What is needed: When you reach the line with "M7 Characteristics Curves", start repeating the lines exactly and keep going to the end of the records, but drop every picture.

================================

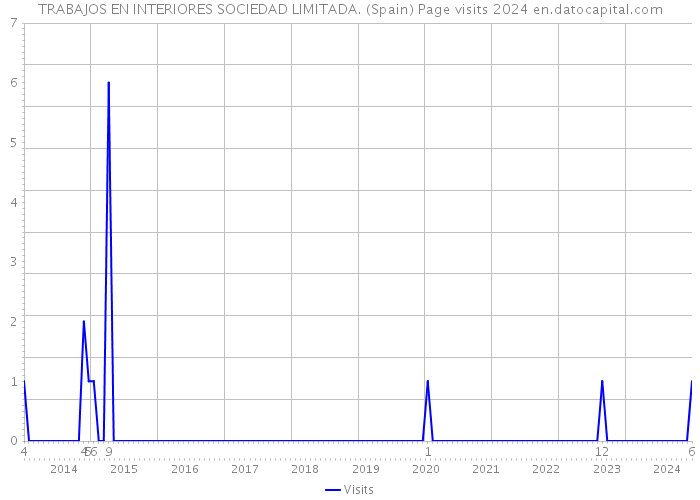 TRABAJOS EN INTERIORES SOCIEDAD LIMITADA. (Spain) Page visits 2024 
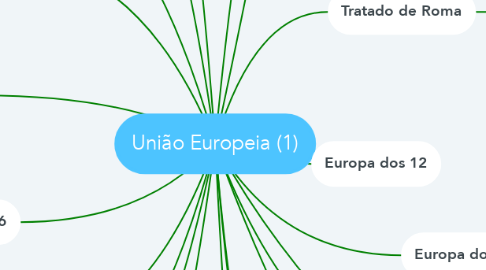Mind Map: União Europeia (1)
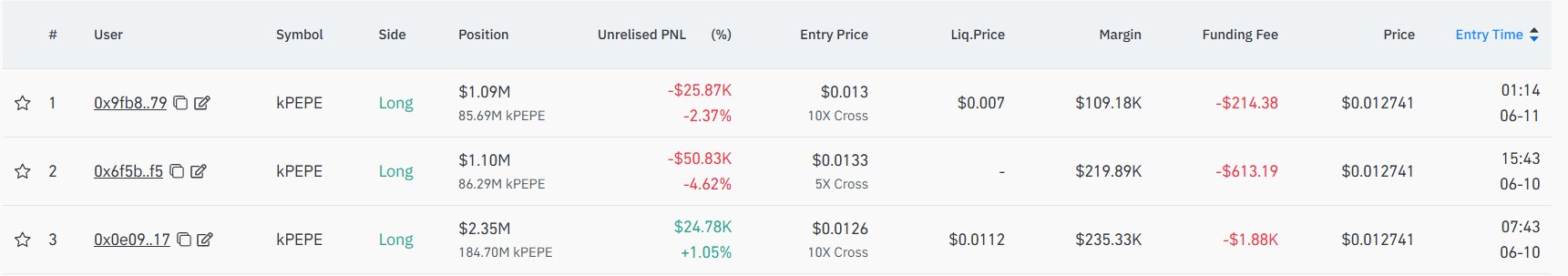 Pepe Coin Price Eeyes 40% Rally as Whales Bet $4.5M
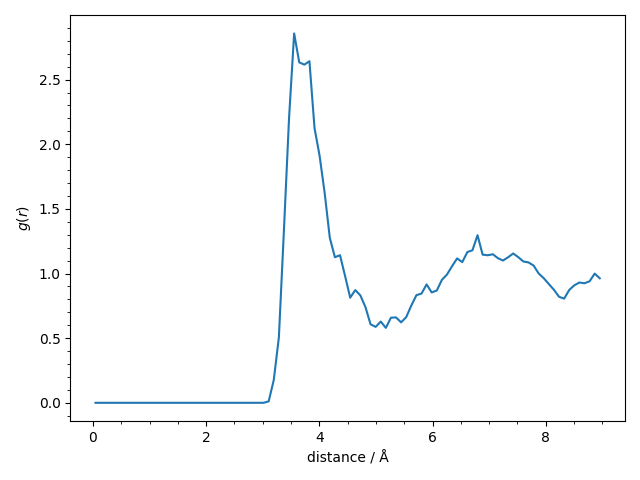 3 atomistic model with nl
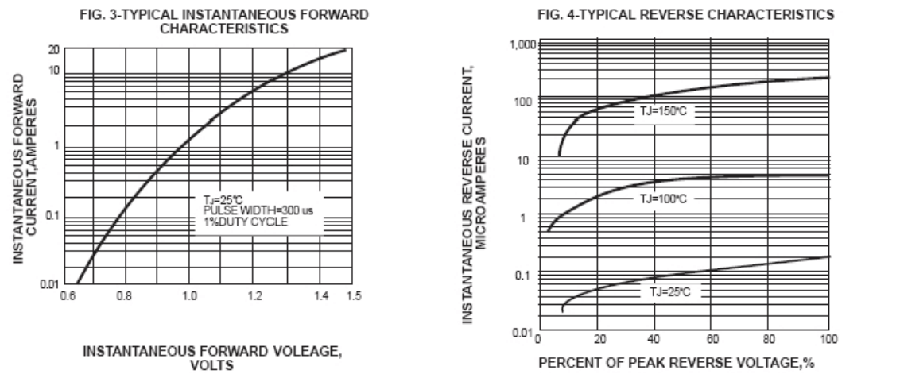 M7 Characteristics Curves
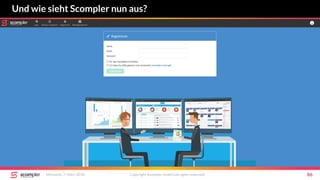 Und wie sieht Scompler nun aus?
Mittwoch, 7. März 2018 Copyright Scompler GmbH (all rights reserved) 86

================================

Written solution:
 M7 Characteristics Curves
 Und wie sieht Scompler nun aus?
Mittwoch, 7. März 2018 Copyright Scompler GmbH (all rights reserved) 86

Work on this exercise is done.